Le 13 mars 1582, un ambassadeur des États d’Artois, se rendant en Espagne, franchissait le Rhône sous Pierre-Châtel. Comme l’aurait fait un bon guide touristique, un membre de l’ambassade, qui tenait un journal du voyage, a mentionné les trois curiosités qui ont retenu son attention : sur la rive droite du Rhône la Chartreuse et le Petit Fort, château estrangement basty et creusé entre les rochers, et quasi vis-à-vis sur l’autre rive, une porte qui ferme entièrement le chemin (Le bas fort, aujourd’hui détruit mais dont on connaît assez précisément l’emplacement).

Le défilé de Pierre Châtel d’après la mappe de 1762
On distingue clairement en rive droite du Rhône sous la Chartreuse le Petit Fort et, face à lui en rive gauche, le Bas Fort et sa casemate.

La petite troupe se composait de huit cavaliers ; elle mit du 1er au 13 mars pour relier Mons (Hainaut belge) à Chambéry. L’ambassadeur était un religieux de haut rang : abbé de la prestigieuse abbaye de Saint-Vaast d’Arras ; l’auteur du récit était un moine de la même abbaye. Cela ne l’a pas dissuadé de mêler à son récit quelques observations d’ordre gastronomique. Ainsi à Orgelet (Jura), la petite troupe apprécia le présent de quelques cannes (bouteilles) de vin d’Arbois et plus tard, chaque fois que le vin ne sera pas à leur goût, ils diront : ce n’est pas le vin du curé.

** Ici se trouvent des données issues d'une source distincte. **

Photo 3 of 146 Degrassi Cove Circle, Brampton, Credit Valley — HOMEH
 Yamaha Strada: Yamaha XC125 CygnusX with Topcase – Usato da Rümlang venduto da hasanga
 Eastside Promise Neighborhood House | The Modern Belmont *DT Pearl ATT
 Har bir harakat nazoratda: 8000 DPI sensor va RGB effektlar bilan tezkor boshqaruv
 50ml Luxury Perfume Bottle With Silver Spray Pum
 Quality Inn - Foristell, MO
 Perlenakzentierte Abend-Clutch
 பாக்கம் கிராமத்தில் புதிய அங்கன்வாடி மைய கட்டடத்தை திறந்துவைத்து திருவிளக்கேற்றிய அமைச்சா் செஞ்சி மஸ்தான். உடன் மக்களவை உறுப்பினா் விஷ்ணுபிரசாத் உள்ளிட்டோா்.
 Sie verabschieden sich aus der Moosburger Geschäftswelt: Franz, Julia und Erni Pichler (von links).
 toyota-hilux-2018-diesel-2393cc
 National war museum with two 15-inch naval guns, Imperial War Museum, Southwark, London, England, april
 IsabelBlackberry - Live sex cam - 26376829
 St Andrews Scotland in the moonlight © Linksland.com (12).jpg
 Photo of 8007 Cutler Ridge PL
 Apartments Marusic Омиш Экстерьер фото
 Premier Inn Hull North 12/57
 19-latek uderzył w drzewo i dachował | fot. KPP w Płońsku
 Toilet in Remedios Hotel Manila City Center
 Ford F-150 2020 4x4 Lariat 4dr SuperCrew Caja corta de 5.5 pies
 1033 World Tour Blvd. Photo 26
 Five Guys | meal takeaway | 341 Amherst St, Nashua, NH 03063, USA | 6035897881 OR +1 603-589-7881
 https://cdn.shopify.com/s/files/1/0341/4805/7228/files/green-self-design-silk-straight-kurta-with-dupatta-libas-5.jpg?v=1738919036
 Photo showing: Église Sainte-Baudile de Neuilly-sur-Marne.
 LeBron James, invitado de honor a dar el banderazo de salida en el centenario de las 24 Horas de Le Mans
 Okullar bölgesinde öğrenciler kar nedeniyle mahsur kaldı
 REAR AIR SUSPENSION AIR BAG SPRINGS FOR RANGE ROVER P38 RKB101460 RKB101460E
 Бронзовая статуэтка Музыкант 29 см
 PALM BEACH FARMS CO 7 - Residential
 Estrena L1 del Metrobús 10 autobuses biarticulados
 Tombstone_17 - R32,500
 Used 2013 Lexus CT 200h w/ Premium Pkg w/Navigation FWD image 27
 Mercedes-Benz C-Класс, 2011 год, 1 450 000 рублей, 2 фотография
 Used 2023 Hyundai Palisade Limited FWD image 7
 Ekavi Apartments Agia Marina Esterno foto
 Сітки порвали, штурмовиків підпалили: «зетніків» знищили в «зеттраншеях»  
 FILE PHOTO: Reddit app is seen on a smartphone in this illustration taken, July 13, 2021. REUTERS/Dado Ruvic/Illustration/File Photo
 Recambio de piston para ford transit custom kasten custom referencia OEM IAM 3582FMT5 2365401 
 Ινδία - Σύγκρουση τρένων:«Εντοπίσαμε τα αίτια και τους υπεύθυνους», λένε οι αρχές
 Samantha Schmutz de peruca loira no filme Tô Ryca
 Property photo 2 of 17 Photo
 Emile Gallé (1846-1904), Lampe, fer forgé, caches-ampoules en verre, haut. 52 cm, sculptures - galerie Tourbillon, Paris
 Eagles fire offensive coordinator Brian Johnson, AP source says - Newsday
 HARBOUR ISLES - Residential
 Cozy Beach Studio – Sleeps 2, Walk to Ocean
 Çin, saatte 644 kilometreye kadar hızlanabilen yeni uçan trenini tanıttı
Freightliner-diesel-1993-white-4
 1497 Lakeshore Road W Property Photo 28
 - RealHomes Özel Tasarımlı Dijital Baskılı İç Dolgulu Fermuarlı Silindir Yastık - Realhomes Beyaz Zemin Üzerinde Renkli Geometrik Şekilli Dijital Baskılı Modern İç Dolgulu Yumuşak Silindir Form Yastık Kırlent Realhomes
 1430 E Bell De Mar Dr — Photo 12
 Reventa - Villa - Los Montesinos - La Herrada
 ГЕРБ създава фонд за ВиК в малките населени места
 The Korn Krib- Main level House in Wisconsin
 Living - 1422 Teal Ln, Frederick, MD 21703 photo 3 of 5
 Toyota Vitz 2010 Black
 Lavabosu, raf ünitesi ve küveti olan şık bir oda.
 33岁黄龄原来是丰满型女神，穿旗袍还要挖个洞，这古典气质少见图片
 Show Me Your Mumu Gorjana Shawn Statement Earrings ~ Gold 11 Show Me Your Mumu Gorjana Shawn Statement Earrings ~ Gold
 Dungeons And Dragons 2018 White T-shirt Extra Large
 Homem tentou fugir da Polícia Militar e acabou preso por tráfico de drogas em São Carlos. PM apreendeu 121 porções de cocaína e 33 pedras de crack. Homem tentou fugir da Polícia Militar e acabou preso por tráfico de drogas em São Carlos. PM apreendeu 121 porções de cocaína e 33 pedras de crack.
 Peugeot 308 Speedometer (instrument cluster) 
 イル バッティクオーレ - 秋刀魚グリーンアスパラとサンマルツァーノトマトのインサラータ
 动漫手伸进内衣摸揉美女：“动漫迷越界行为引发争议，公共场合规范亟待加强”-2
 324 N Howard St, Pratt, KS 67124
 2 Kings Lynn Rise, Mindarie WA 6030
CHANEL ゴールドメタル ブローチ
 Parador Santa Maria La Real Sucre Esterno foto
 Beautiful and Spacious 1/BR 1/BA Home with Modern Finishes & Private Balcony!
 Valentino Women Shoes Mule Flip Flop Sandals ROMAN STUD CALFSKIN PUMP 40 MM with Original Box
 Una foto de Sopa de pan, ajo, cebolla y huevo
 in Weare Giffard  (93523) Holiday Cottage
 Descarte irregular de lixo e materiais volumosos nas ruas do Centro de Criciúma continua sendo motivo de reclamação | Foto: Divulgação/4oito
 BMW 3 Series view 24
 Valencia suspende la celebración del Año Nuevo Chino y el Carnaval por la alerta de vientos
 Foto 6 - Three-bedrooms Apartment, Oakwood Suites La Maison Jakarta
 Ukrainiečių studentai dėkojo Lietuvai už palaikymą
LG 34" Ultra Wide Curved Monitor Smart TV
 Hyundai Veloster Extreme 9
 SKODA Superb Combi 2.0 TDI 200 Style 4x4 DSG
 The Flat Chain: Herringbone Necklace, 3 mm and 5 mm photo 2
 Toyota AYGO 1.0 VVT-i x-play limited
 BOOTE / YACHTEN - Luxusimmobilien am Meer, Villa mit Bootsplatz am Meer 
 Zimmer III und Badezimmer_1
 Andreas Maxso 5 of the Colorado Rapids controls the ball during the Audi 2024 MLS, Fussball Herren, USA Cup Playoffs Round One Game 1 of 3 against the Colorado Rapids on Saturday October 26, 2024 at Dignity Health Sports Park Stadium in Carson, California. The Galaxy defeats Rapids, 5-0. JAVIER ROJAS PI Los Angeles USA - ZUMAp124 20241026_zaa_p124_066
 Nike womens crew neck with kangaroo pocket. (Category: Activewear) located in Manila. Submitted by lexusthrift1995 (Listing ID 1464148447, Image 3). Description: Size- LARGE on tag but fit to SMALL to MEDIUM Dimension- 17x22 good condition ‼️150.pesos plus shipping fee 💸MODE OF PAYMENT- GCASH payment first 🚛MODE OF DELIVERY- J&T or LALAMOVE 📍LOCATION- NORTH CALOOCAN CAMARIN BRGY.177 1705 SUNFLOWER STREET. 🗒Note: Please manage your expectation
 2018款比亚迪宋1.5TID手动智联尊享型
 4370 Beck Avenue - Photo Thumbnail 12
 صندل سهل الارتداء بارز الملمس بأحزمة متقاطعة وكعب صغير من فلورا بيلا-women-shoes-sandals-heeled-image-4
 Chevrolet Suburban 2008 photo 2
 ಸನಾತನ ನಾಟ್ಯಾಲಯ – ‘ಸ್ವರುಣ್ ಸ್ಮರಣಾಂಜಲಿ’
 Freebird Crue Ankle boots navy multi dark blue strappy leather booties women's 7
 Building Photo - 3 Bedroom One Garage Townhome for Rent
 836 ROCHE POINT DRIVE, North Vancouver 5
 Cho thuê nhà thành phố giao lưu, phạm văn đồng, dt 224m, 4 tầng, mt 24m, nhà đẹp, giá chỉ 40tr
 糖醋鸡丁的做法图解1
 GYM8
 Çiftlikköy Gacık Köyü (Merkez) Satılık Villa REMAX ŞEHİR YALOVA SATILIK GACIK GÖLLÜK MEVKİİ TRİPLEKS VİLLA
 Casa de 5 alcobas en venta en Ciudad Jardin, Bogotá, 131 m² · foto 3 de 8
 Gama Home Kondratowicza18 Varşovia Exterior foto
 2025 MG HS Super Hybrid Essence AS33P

À Chambéry, comme ils pressaient l’hôtesse de leur servir leur déjeuner, elle leur dit bravement : par ma foy, Messieurs, le desjeuner sera tost prest, car on donne en ces quartiers que peu de pain et des noysilles à déjeusner, et s’il vous plaist aultre chose, il vous sera compté pour un disner. De quoy s’étant mis à rire, ils aymèrent mieux qu’il fut compté pour un disner que manger le pain sec et les noysilles, l’un chargeant l’estomach, en sorte qu’il ne peut bien respirer, l’autre causant la courte alleine, tous deux grands inconvénients pour ceux qui courrent la poste.

Le 14, arrêt à Saint-Jean-de-Maurienne où l’hostellerie n’étoit pas mal accommodée, sinon que le vin se ressentoit de l’aspreté de Savoie.

Passé le Col du Cenis, on leur offre pour tout poisson ou fruit de caresme (on est en carême) des oeufs et des caracolles ou limaces (des escargots), mal à propos pour ceux qui faisaient cas de conscience de manger des oeufs (en carême) et avaient en dégoustement les caracolles, ne pouvant imaginer comment elles se peuvent assez purifier de leur ordure et viscosité estant cuites en l’escaille.

L’Espagne aussi leur réservera des surprises : "les hostesses de divers endroicts d’Espagne ne pensent pas qu’il soit mahonneste de tenir les lits couverts de longtemps et d’accomoder divers passagers de mêmes draps, sans seulement les plonger dans l’eau... D’austres couvrent leurs blanches nappes d’une (nappe) souillée, craindant qu’il n’advienne à quelque maladvisé d’y espandre quelque chose, ce qu’adevant il n’échappera pas facilement sans avoir les gros mots de la dame. "

Ce mauvais point donné à certaines hostesses d’Espagne laisse entendre qu’ailleurs on n’avait, sur le sujet, rien trouvé à redire, ce qui est tout à l’honneur des hôtesses des Pays-Bas, de Bourgogne, de Bugey, de Savoie et d’Italie, tous pays traversés par l’ambassade.